# REQUIRED ACTION:
A word-for-word copy of the entries is needed, and it should contain no images.

[STORED DATA Boundary: Start]

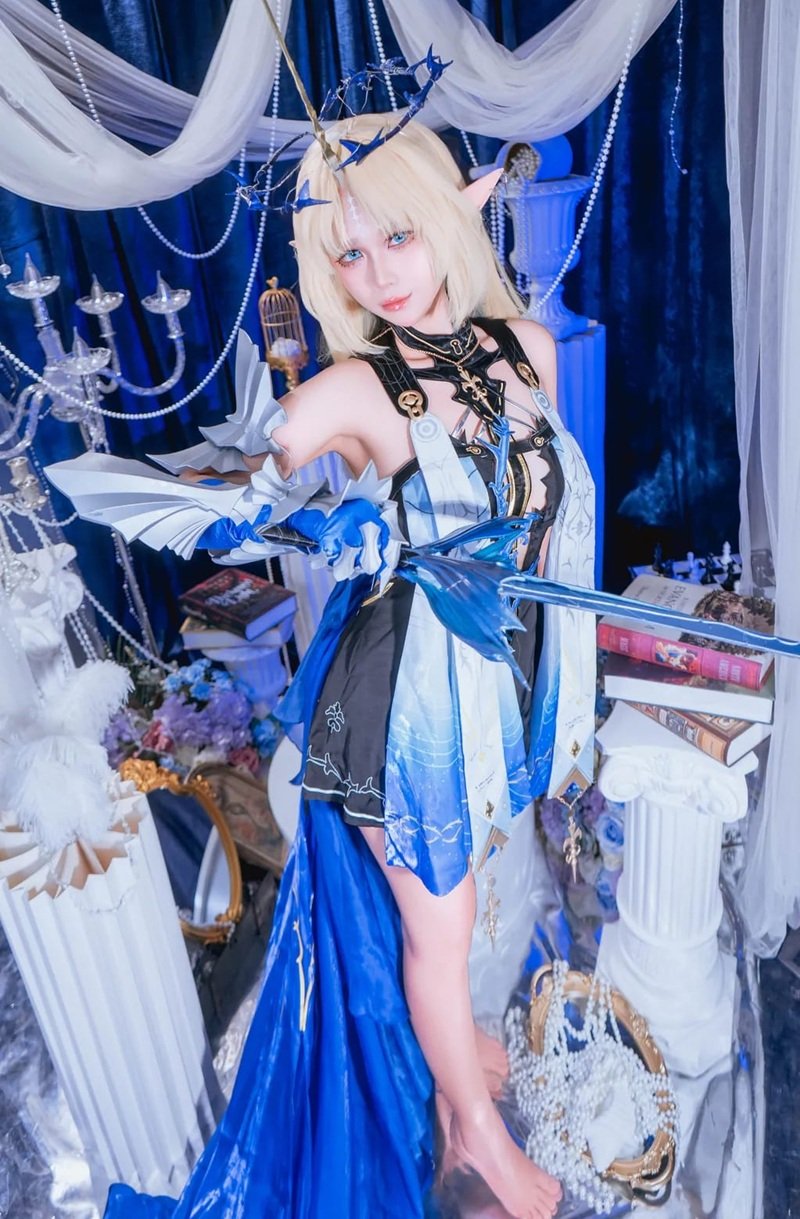 cosplay lộ hàng 30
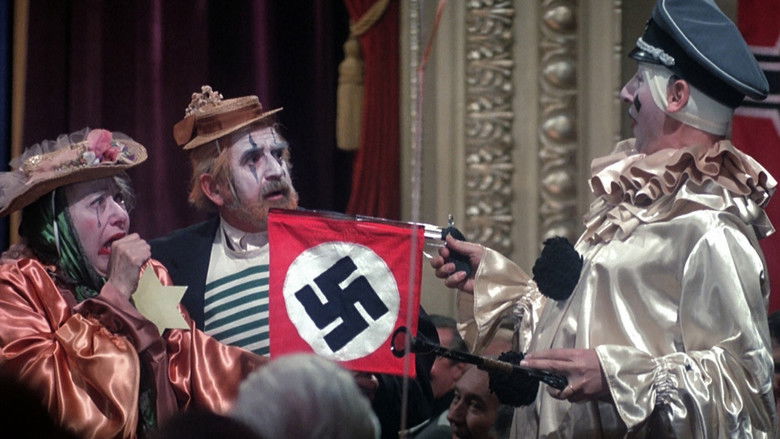 кадр из фильма Быть или не быть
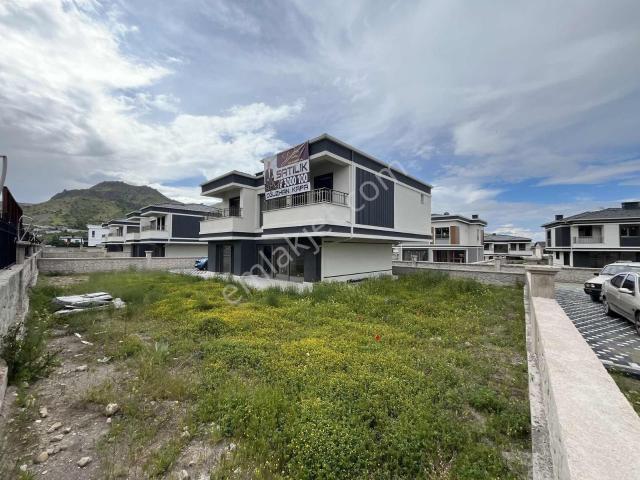 The Duru Team Altınoluk Atlas Koleji Arkası 6+1 Lüx Villa!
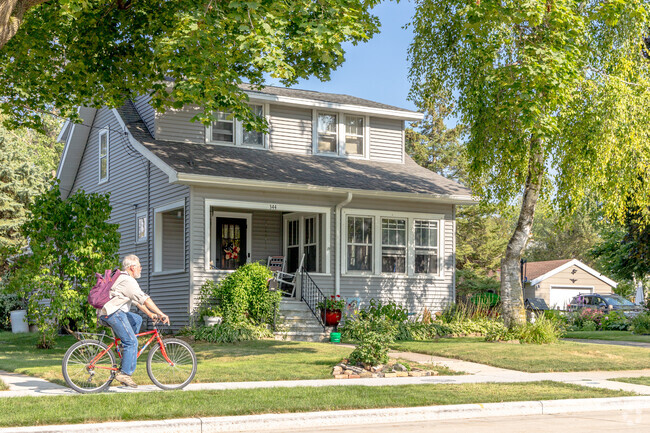 Sidewalks provide convenient walking and biking paths for Stevens Park residents.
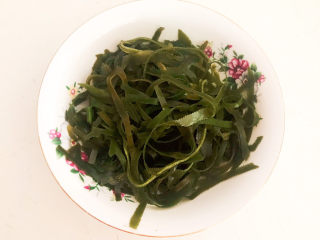 2、韩国海带汤,把海带切成丝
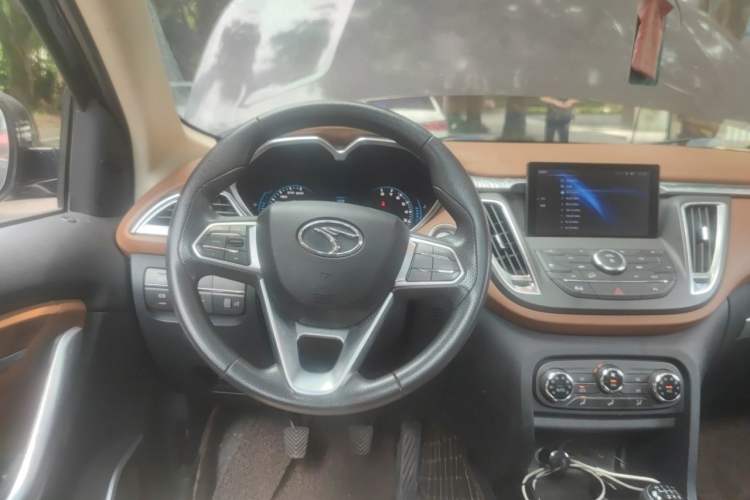 Used Soueast DX7 2016 1.5T Manual Triumph Edition Steering Wheel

[STORED DATA Boundary: End]

# OUTPUT:
 cosplay lộ hàng 30
 кадр из фильма Быть или не быть
 The Duru Team Altınoluk Atlas Koleji Arkası 6+1 Lüx Villa!
 Sidewalks provide convenient walking and biking paths for Stevens Park residents.
 2、韩国海带汤,把海带切成丝
 Used Soueast DX7 2016 1.5T Manual Triumph Edition Steering Wheel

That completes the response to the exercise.